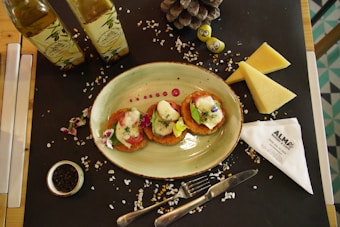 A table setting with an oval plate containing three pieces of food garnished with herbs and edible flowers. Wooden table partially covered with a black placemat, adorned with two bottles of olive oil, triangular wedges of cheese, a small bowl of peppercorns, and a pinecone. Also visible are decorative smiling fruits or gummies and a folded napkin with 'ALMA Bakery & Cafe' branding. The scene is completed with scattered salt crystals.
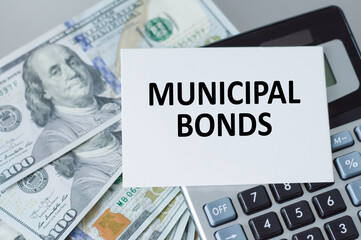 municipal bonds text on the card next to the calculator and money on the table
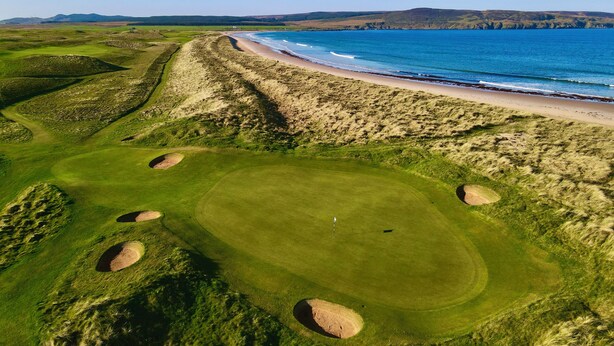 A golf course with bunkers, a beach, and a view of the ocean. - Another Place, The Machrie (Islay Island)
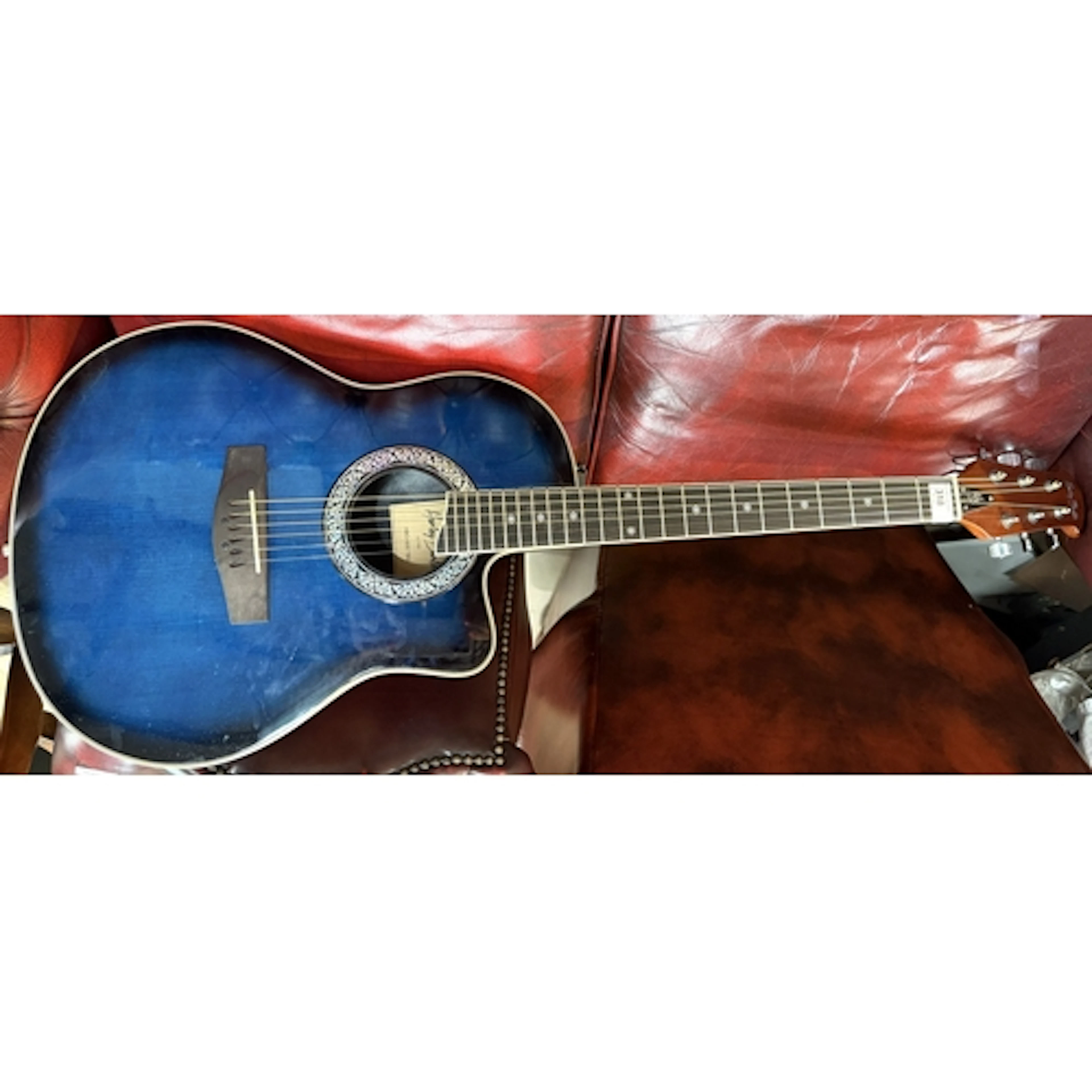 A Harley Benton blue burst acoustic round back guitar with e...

#####

## [Task]
Print every line above exactly. Leave the pictures out.

## [Answer section]
 A table setting with an oval plate containing three pieces of food garnished with herbs and edible flowers. Wooden table partially covered with a black placemat, adorned with two bottles of olive oil, triangular wedges of cheese, a small bowl of peppercorns, and a pinecone. Also visible are decorative smiling fruits or gummies and a folded napkin with 'ALMA Bakery & Cafe' branding. The scene is completed with scattered salt crystals.
 municipal bonds text on the card next to the calculator and money on the table
 A golf course with bunkers, a beach, and a view of the ocean. - Another Place, The Machrie (Islay Island)
 A Harley Benton blue burst acoustic round back guitar with e...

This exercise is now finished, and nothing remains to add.